## DATA RECORDS
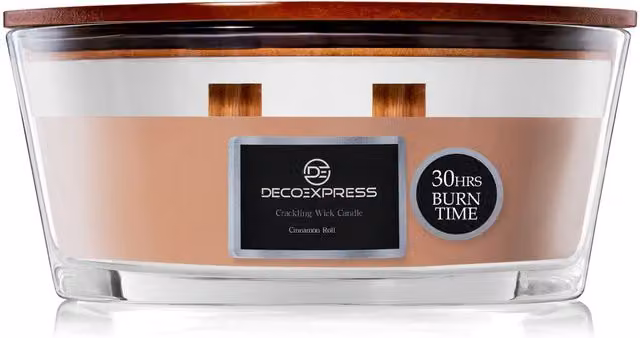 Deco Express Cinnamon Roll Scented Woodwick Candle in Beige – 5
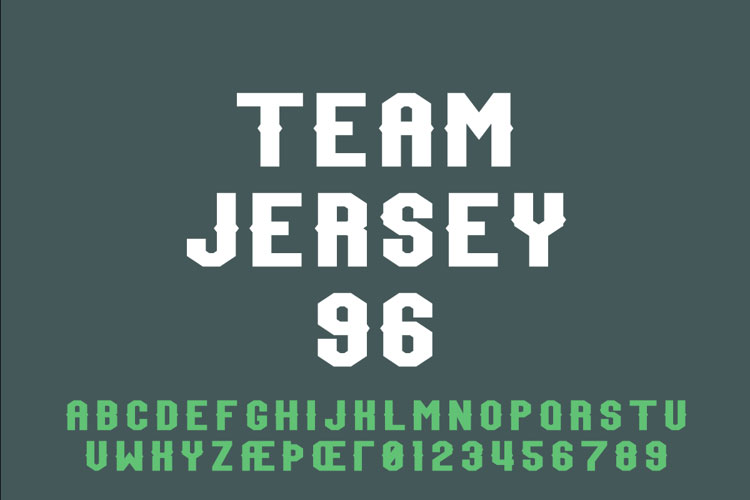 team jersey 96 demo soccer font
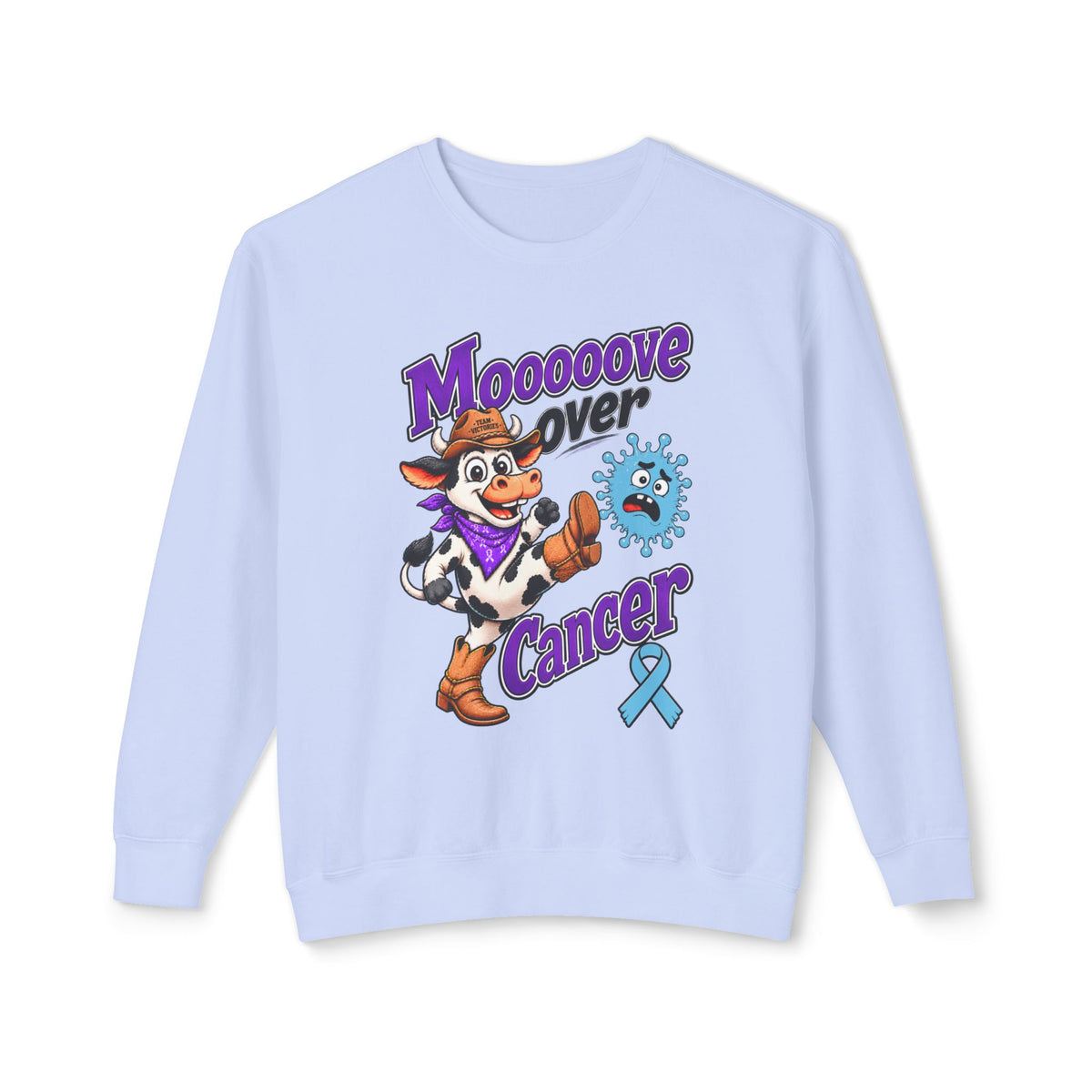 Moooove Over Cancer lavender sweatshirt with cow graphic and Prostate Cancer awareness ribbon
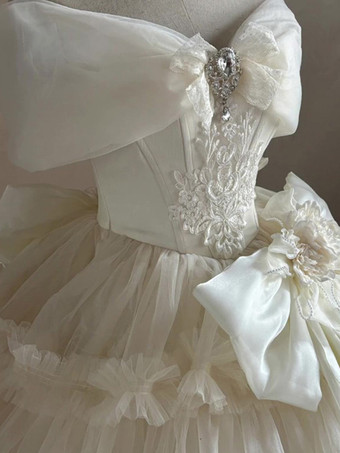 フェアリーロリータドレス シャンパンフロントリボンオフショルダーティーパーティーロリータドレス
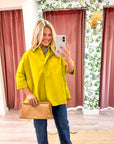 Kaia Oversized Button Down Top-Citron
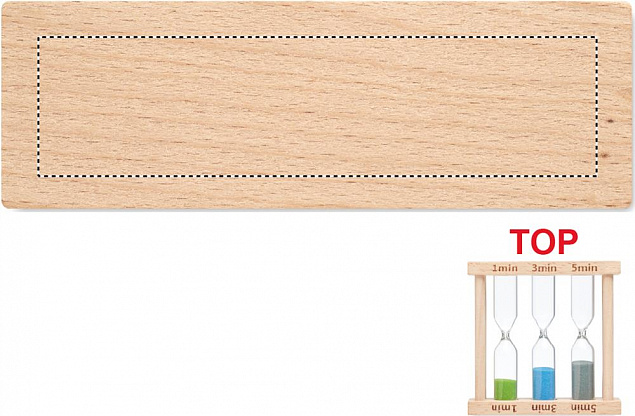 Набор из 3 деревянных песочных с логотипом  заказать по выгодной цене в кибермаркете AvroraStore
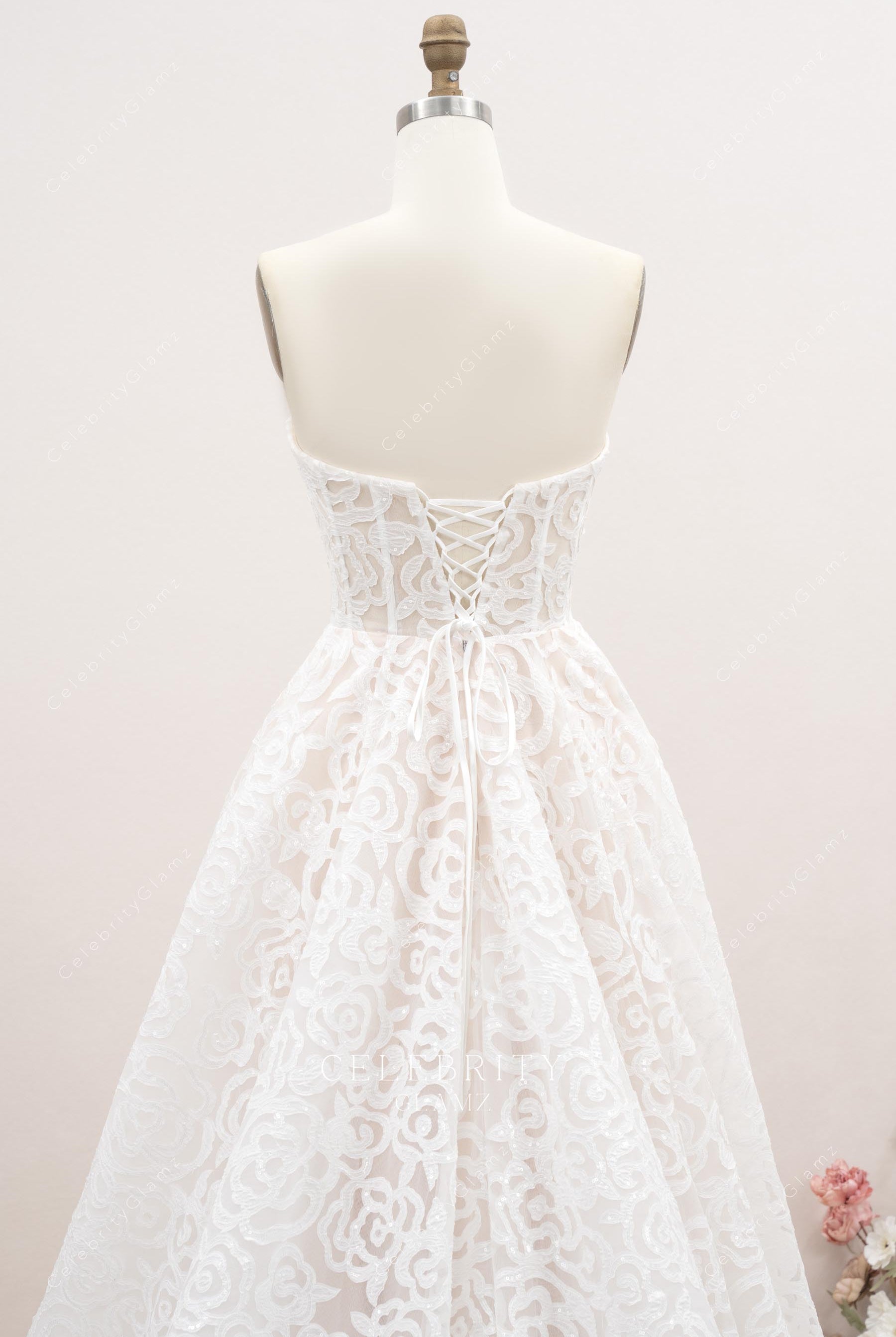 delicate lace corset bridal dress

---

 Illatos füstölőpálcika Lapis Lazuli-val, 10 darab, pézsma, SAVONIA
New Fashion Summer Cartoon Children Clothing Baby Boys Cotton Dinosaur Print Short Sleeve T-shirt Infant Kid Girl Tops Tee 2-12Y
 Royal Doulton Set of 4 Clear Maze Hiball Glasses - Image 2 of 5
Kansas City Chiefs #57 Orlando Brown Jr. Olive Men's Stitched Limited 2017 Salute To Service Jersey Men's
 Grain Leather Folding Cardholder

## WHAT THIS TASK INVOLVES
Print, exactly, each line above from the one with "Moooove Over Cancer" to the one with "Kaia Oversized Button Down Top-Citron", end lines included. Leave pictures out of it.

## TASK ANSWER
 Moooove Over Cancer lavender sweatshirt with cow graphic and Prostate Cancer awareness ribbon
 フェアリーロリータドレス シャンパンフロントリボンオフショルダーティーパーティーロリータドレス
 Kaia Oversized Button Down Top-Citron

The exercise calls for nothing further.